[WORK INSTRUCTION]:
Please give the data again in full, precisely as it is written.

RAW DATA section start

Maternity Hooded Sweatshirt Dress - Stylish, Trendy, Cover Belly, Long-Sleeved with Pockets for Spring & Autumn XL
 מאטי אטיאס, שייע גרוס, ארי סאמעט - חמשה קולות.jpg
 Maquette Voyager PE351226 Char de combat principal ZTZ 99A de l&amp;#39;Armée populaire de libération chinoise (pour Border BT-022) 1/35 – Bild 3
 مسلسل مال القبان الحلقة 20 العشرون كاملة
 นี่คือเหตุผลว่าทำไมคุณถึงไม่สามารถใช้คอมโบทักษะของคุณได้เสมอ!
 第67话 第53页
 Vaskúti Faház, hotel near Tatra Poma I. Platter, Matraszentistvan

RAW DATA section end

[ANSWER FOR THE TASK]:
Maternity Hooded Sweatshirt Dress - Stylish, Trendy, Cover Belly, Long-Sleeved with Pockets for Spring & Autumn XL
 מאטי אטיאס, שייע גרוס, ארי סאמעט - חמשה קולות.jpg
 Maquette Voyager PE351226 Char de combat principal ZTZ 99A de l&amp;#39;Armée populaire de libération chinoise (pour Border BT-022) 1/35 – Bild 3
 مسلسل مال القبان الحلقة 20 العشرون كاملة
 นี่คือเหตุผลว่าทำไมคุณถึงไม่สามารถใช้คอมโบทักษะของคุณได้เสมอ!
 第67话 第53页
 Vaskúti Faház, hotel near Tatra Poma I. Platter, Matraszentistvan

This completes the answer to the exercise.